House debates

Thursday, 28 August 2014

Adjournment

Casey Electorate: First World War Centenary

12:35 pm

Photo of Tony SmithTony Smith (Casey, Liberal Party) Share this | | Hansard source

In the dying days of 1918, Winston Churchill predicted with precision what we would all be doing over the next four years. With the mechanised machine gun madness of our costliest war just over, along with 60,000 young Australian lives, he spoke to a group of Australian and New Zealand servicemen in London. He said:

I think we have, all of us, a feeling that we stand today very high up in the headstream of Australian history … We must look forward 100, 200, 300 years…when that great population will look back … when every family will seek to trace some connexion with the heroes who landed on the Gallipoli Peninsula, or fought on the Somme, or in the other great battles in France.

Ninety-six years on we are beginning a period of family, community and national reflection like never before. We are seeking out every detail of the family stories of sacrifice, suffering and selfless service: where they fought, where they died and, if they survived, what they did when they came back to Australia. In each of our communities we are simultaneously shining the spotlight on the centenary of significant historic local events.

In the Yarra Valley electorate I represent, earlier this year we commemorated the centenary of General Sir John Monash's camp out at Lilydale—this occurred in February 1914, months ahead of the war—where 3,000 future ANZACs trained for a week in Lilydale and in Coldstream preparing for the war they hoped would never come.

Just over two weeks ago, when the nation remembered the centenary of the founding of the Australian Red Cross, the local branch met in the Athenaeum Theatre in Lilydale to remember the extraordinary endeavours of the local women who founded their organisation on that very first day. They met in the very place where that occurred, just nine days after the bell had rung on the start of war. Their first president was Nellie Melba, the world-renowned opera singer, who would ring the final bell on the war to the people of Lilydale—in this case, literally. She heard the war had ended from a Navy contact she had who telephoned her as soon as news of the armistice was received. She travelled from her Coldstream home down to the main street of Lilydale, where she rang the town's fire bell to signal the war's end.
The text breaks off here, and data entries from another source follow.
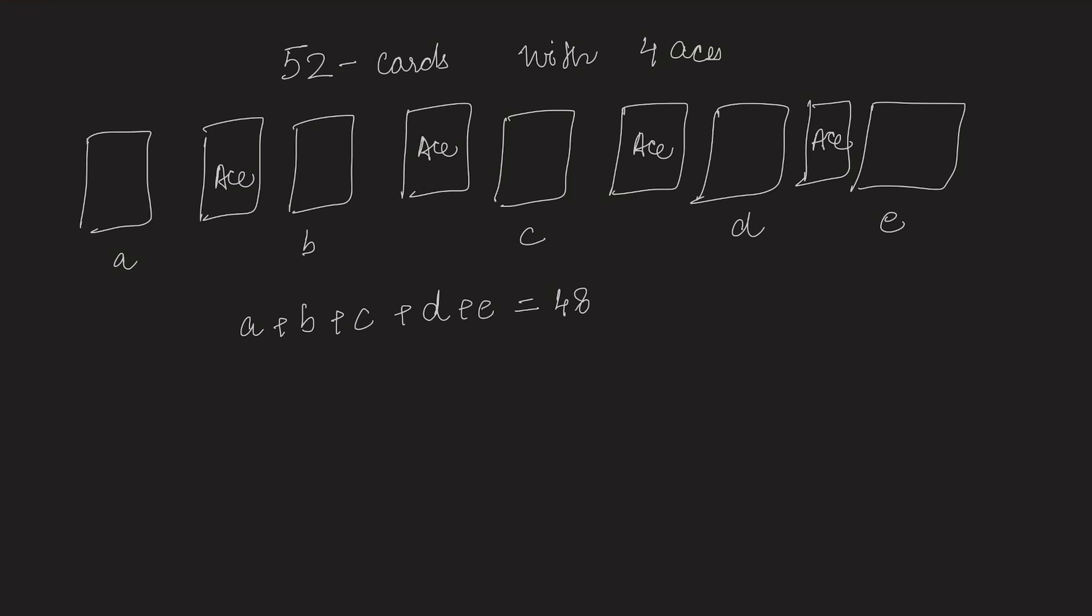Now we can say that our first card can be ace, then the length of the first segment A will be 0. It can also be possible that 2 aces are consecutive, so the length of the segment between those 2 aces will be 0.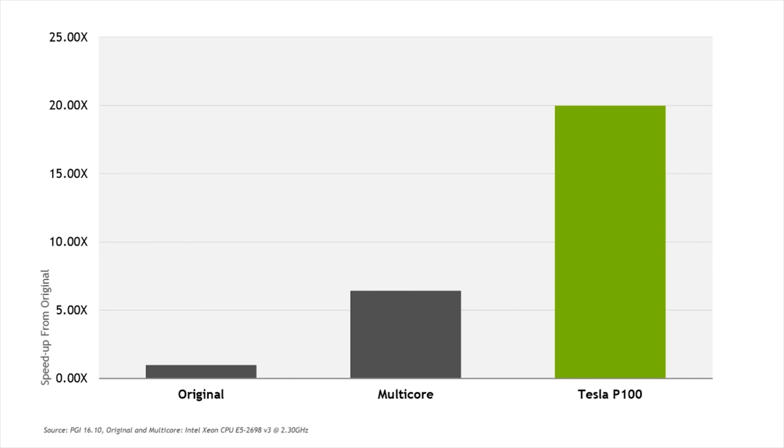By changing my target accelerator flag to multi-core instead of Tesla, I can even run this same code across all CPU cores on my machine without making any changes.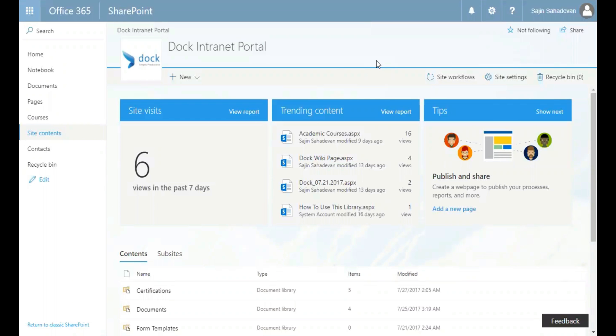So far, we have been defining the list and library schemas on the list and library themselves, but these are not reusable. Therefore, if you want to have two lists with the same schema, you would have to define the same schema twice.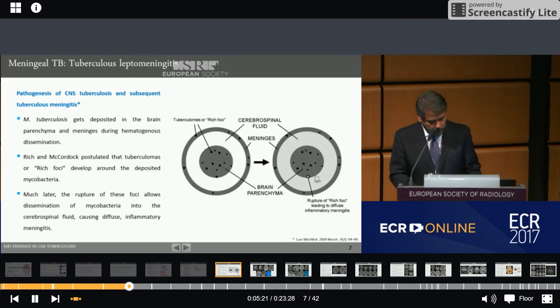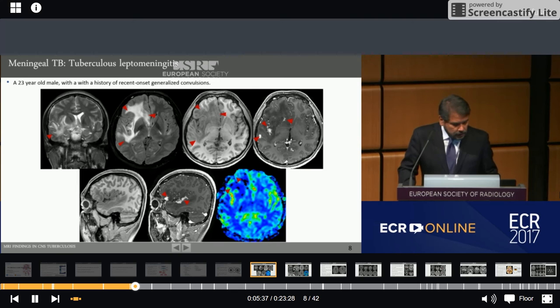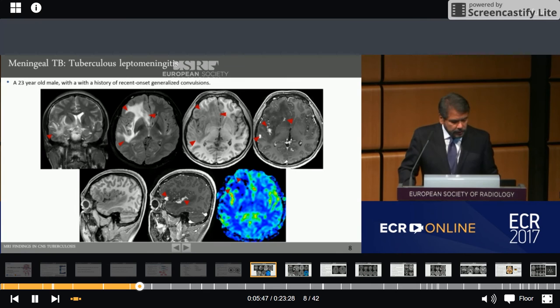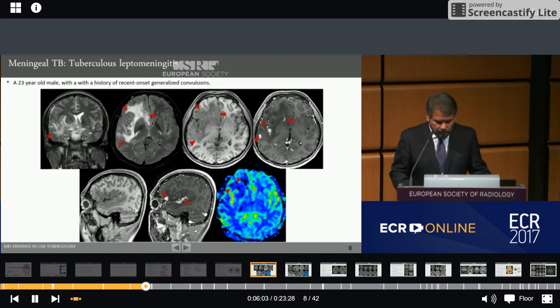Regarding tuberculous leptomeningitis: this is a 23-year-old male patient with a history of recent onset generalized convulsion. T2 and FLAIR images show an area of vasogenic edema in the left superior temporal gyrus and the left frontal lobe. Post-contrast T1 images show patchy gyral enhancement associated with meningeal enhancement. RCBV color map shows marked hypoperfusion with no evidence of high perfusion areas in the peripheral enhancing portions.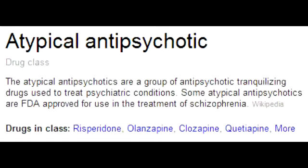What is the mechanism of action of atypical antipsychotics? The mechanism of action is not completely understood, but there are various effects on serotonin 5-HT2 receptors, on dopamine receptors, along with alpha and H1 histamine receptors.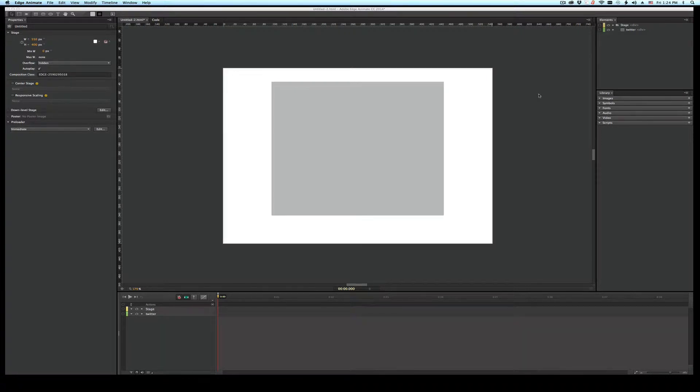Well, my students are at it again. Now they want to know how to put Twitter into their Edge Animate projects. So here we go. Twitter in Edge Animate.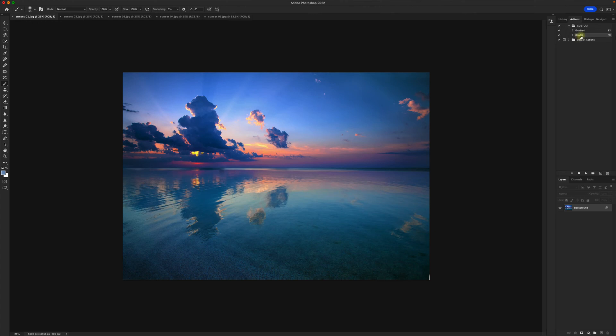First you want to identify the action that you'd like to automate across images. I'll use the border action.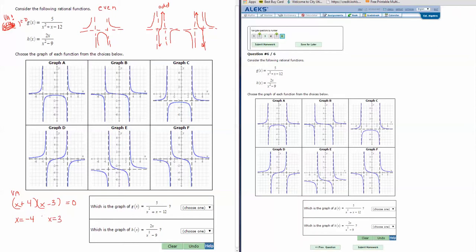So I'm looking for a function with vertical asymptotes at negative 4 and positive 3. Graph A has it at negative 4 and 3. Graph B has it at negative 4 and 3. Graph C as well. Graph D has it at negative 3 and 3, so not D. Graph E is at negative 3 and 3, so not E. Graph F is the same — negative 3 and 3. So the first function is either going to be A, B, or C.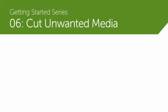No matter how careful you are when recording your screencasts, there will probably be times when you'll need to cut out a section of audio or video.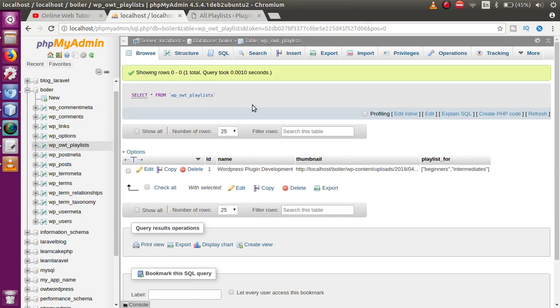In summary, we added a CSS class and data-id attribute to the delete button, wrote jQuery AJAX code to send the ID to the server, and added server-side PHP to check existence and delete using wpdb. In upcoming videos we'll discuss more features. If you have any doubts, drop a comment — thank you for watching, have a great day!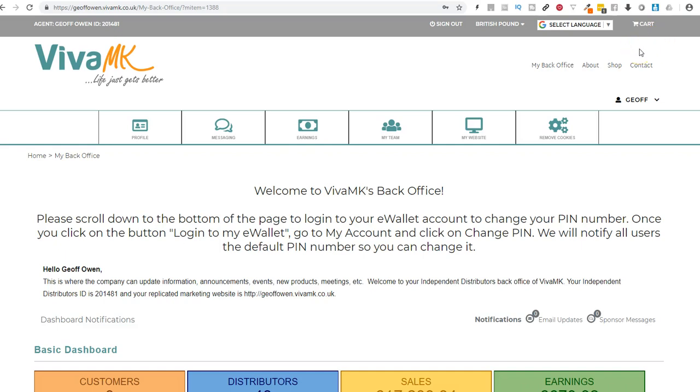I'm quickly going to show you how to do everything in your e-wallet. Log in to your site, so your back office.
Just a few days after that, on Saturday 16 August, the local community met again at that place on the centenary of the day that the first Lilydale resident enlisted. His name was Ralph Goode. He was a stretcher-bearer from the first day at Gallipoli to almost the last on the Western Front. When we met, a book was launched that had been put together by a local historian, Anthony McAleer. It told a bit about Ralph's life before the war and after the war, but, critically, published his war diaries that his family had retained. It is a comprehensive book. It is instructive to look at the entry on the first day and then look at the entry each year around about that time over the four years that he was involved. On the first day he was a man of few words:

Volunteered for active service in the Australian Army Medical Corps (AAMC)—accepted.

A year later he is talking about how terrible it is on the battlefield—16 weeks in the firing line. A year after, he is talking about the loss of those from the Lilydale community. A year after, he is talking about the horrors on the Western Front, and then ending with his arrival back in Melbourne. This is one of many stories that will be told over the coming years, and I know all members in this place are doing the same in their electorates.